I am attempting to create a world file that accompanies each screenshot I produce so that I can easily reference the files in CAD in the correct location, orientation, and scale as my original input data.
The issue is that I need to obtain the coordinates of the upper left corner of the exported image to use as the base point in the worldfile.
If we use the simple code below you will see the the top left corner of the rendered polydata is (0, 1)
. However I need the actual coordinates of the corner of the image.
I had assumed that the plotter.bounds()
would return the polydata bounds and the renderer.bounds()
would return the image bounds. However they both return the polydata bounds. Any ideas?
import pyvista as pv
points = [[0, 0, 0],
[1, 0, 0],
[0.5, 1.0, 0]]
mesh = pv.PolyData(points)
pl = pv.Plotter()
pl.add_mesh(mesh)
pl.show_bounds(location='all', all_edges=True, grid=True)
pl.camera.tight(padding=0.1)
pl.parallel_projection = True #redunant but set he to remove perspective questions
pl.screenshot('with_padding')
pl.show()
pl.bounds
(0.0, 1.0, 0.0, 1.0, 0.0, 0.0)
pl.renderer.bounds
(0.0, 1.0, 0.0, 1.0, 0.0, 0.0)
Does anyone know of a method that returns the image corner coordinates?
Although I noted in a comment that the question can only be answered if we restrict ourselves the an xy
view (because in that case the z
coordinate is arbitrary but you only seem to be looking for x
and y
coordinates), it seems that VTK readily has machinery that can do these coordinate transformations via vtkCoordinate()
.
You can create a vtkCoordinate
instance, set its coordinate system to be normalized viewport, use the corresponding normalized coordinates ((0, 0)
is bottom left corner, (1, 1)
is upper right), then query the corresponding world points using the plotter's renderer:
import pyvista as pv
from vtkmodules.vtkRenderingCore import vtkCoordinate
# example data
points = [
[0, 0, 0],
[1, 0, 0],
[0.5, 1.0, 0],
]
mesh = pv.PolyData(points)
# example plot
pl = pv.Plotter()
pl.add_mesh(mesh)
pl.show_bounds(location='all', all_edges=True, grid=True)
pl.camera.tight(padding=0.1)
pl.parallel_projection = True
# get world coordinates of upper left corner of viewport
coordinate = vtkCoordinate()
coordinate.SetCoordinateSystemToNormalizedViewport()
coordinate.SetValue(0, 1) # (0, 0) is lower left, (1, 1) is upper right
coords = coordinate.GetComputedWorldValue(pl.renderer)
print(coords)
# (-0.050000000000000044, 1.05, 0.06472500000000003)
I slightly edited your example data, and the last code block prints the world coordinates of the upper left corner.

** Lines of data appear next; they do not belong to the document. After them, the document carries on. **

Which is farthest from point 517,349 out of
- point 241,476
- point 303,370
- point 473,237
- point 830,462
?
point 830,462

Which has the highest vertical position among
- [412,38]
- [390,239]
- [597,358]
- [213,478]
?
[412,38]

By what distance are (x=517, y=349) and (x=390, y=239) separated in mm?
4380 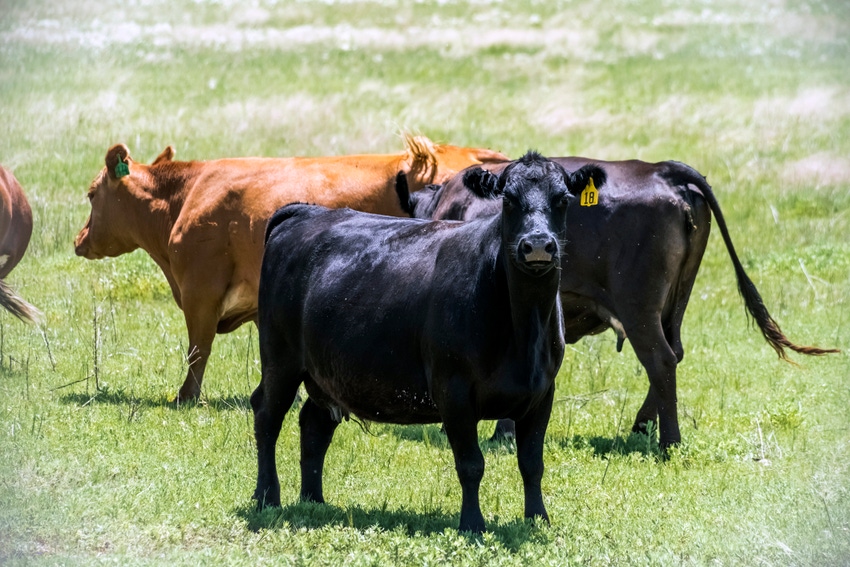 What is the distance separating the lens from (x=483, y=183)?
21.3 feet

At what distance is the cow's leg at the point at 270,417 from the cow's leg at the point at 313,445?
19 centimetres

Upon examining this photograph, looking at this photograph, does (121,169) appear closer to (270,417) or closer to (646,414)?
(270,417)

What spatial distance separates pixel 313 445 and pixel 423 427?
2401mm

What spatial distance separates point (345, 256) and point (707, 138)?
17769 millimetres

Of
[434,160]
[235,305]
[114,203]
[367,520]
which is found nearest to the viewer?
[367,520]

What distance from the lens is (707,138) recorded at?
23.6 meters

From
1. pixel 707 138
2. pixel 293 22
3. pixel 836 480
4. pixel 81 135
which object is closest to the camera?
pixel 836 480

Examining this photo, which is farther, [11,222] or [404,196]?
[11,222]

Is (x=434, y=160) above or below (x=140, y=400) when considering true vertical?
above

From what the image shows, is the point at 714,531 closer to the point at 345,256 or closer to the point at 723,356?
the point at 345,256

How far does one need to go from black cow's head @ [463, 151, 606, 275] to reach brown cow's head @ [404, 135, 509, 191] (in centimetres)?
491

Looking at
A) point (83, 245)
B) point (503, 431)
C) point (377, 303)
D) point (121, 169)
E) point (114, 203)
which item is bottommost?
point (503, 431)

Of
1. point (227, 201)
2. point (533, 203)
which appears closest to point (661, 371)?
point (533, 203)

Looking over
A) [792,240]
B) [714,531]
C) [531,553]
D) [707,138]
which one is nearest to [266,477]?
[531,553]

Notice you have a nonzero z
coordinate; you'll have to make sure to discard this, or check how this behaves with a real, thick mesh. If you have older vtk
and you get an import error, you can use from vtk import vtkCoordinate
instead of the vtkmodules
import, but this will be a lot slower (pyvista uses vtkCoordinate
internally, so the above version of the import is free).

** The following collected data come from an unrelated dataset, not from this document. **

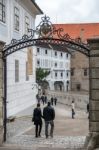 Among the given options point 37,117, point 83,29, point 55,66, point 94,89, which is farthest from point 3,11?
point 83,29

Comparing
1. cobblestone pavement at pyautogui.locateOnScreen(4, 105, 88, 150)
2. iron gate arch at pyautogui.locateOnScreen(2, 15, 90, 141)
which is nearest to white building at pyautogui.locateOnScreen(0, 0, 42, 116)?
cobblestone pavement at pyautogui.locateOnScreen(4, 105, 88, 150)

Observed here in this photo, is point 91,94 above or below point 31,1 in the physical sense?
below

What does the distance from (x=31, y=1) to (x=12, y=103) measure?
30.8 feet

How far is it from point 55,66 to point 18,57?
61883 mm

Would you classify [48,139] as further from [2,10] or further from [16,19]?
[16,19]

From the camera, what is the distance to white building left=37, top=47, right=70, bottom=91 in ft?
291

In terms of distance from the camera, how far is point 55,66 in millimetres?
96562

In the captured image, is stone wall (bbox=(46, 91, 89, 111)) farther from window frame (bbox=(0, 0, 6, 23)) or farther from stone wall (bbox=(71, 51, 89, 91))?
stone wall (bbox=(71, 51, 89, 91))

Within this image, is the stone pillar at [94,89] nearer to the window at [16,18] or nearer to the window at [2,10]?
the window at [2,10]

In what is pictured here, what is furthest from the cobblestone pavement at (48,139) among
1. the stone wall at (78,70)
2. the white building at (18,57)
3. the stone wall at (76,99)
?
the stone wall at (78,70)

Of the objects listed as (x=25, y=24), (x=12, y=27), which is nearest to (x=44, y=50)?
(x=25, y=24)

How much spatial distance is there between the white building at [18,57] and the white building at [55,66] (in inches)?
1806

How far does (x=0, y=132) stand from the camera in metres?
17.8

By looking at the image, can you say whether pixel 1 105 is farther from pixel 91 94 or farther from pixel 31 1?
pixel 31 1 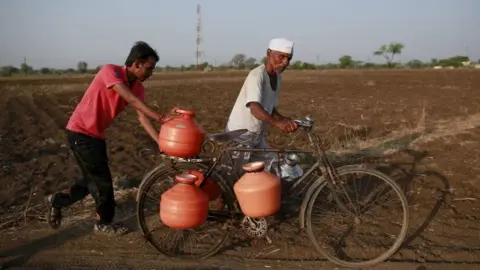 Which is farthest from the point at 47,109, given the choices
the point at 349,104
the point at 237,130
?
the point at 237,130

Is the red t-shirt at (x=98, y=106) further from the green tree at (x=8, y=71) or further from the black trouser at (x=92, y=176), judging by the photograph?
the green tree at (x=8, y=71)

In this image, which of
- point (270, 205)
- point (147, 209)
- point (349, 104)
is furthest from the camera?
point (349, 104)

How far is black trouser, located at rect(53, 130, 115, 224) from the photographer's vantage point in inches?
166

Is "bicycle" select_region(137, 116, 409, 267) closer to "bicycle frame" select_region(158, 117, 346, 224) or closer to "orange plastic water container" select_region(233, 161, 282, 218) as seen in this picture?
"bicycle frame" select_region(158, 117, 346, 224)

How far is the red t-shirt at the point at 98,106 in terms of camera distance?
4.11 m

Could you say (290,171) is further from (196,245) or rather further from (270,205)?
(196,245)

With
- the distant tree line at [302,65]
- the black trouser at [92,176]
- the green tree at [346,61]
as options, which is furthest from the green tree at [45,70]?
the black trouser at [92,176]

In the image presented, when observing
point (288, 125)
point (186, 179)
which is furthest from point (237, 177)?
point (288, 125)

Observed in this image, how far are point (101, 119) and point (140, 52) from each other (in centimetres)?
72

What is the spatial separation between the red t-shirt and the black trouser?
0.08 meters

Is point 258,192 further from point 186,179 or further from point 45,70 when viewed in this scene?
point 45,70

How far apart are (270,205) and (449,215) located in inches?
88.9

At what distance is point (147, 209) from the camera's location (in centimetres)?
488

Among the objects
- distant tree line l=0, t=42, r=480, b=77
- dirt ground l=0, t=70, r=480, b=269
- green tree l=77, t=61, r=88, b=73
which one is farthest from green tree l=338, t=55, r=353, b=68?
dirt ground l=0, t=70, r=480, b=269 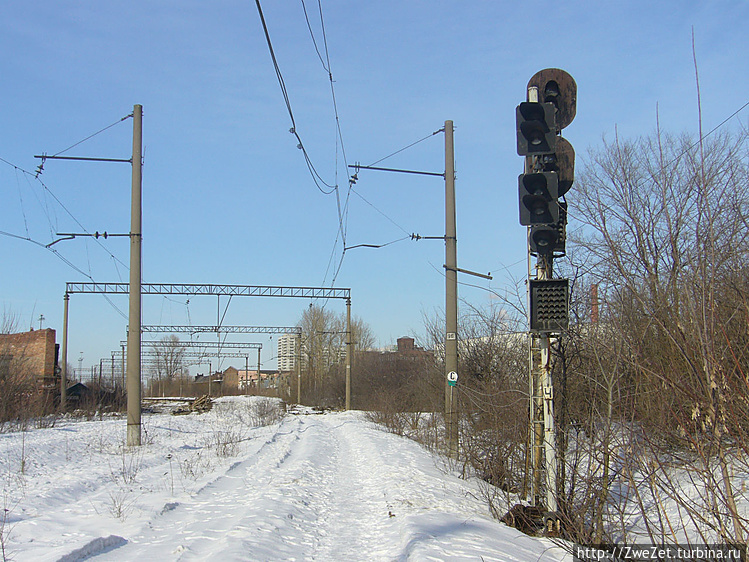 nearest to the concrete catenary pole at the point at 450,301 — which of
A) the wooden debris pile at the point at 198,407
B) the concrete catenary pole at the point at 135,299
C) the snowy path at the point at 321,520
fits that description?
the snowy path at the point at 321,520

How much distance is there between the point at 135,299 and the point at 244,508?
10.4 metres

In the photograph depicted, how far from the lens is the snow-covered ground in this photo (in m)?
6.93

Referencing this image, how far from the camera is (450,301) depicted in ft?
52.4

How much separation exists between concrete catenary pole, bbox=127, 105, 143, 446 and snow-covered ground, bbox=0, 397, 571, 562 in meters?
0.93

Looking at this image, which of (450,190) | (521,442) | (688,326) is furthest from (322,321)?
(688,326)

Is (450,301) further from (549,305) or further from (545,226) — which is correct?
(545,226)

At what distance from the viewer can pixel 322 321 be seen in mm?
86500

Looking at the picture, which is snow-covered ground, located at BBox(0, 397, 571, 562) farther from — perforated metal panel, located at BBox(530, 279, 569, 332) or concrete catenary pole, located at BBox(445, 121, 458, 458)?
perforated metal panel, located at BBox(530, 279, 569, 332)

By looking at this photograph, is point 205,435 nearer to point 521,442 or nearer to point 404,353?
point 521,442

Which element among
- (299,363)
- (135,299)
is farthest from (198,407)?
(135,299)

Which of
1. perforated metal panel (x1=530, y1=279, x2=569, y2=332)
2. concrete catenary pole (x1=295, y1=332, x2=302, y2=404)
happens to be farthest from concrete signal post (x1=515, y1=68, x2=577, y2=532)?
concrete catenary pole (x1=295, y1=332, x2=302, y2=404)

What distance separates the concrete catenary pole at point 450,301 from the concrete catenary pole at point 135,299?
8811 millimetres

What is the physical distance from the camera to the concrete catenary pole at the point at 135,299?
58.1 feet

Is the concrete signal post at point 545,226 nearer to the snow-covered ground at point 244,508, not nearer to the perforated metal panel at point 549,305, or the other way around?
the perforated metal panel at point 549,305
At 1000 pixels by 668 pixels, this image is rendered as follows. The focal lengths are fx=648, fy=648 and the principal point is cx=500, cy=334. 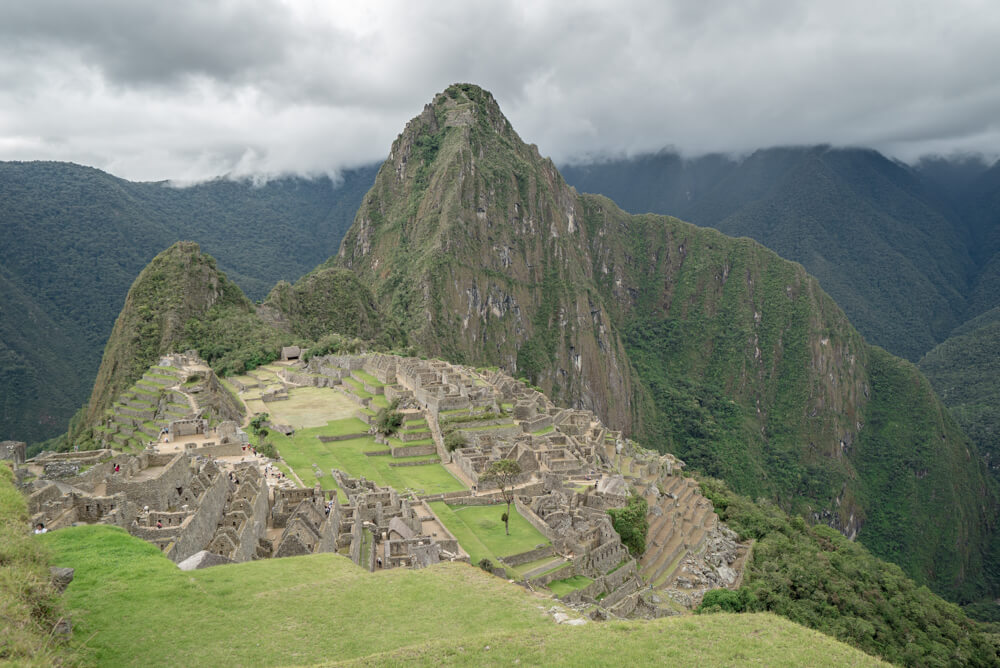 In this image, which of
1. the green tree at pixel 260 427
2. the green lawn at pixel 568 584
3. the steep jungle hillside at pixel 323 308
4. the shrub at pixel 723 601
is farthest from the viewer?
the steep jungle hillside at pixel 323 308

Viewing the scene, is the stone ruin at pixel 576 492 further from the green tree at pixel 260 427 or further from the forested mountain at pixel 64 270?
the forested mountain at pixel 64 270

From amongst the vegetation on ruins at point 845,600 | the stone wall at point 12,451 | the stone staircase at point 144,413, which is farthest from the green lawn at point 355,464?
the vegetation on ruins at point 845,600

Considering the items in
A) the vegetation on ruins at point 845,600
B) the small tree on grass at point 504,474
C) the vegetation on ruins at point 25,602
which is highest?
the vegetation on ruins at point 25,602

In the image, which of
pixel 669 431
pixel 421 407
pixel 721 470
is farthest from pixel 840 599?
pixel 669 431

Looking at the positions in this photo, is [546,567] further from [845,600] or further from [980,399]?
[980,399]

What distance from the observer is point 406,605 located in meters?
15.2

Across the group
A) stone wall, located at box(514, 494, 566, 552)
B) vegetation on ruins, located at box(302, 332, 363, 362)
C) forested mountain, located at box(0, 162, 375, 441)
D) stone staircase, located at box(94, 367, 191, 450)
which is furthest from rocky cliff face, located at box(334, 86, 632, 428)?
stone wall, located at box(514, 494, 566, 552)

Looking at your original figure, (-0.05, 1.05)
looks correct to me. Unfortunately I couldn't visually prove that this is the correct position, because adding a new mesh even with reset_camera=False
messes with the resulting view, even if I restore pl.camera_position
from before the second mesh is added. I suspect this has to do with something related to pl.camera.tight()
. Anyway, you should be able to confirm the values with your real mesh.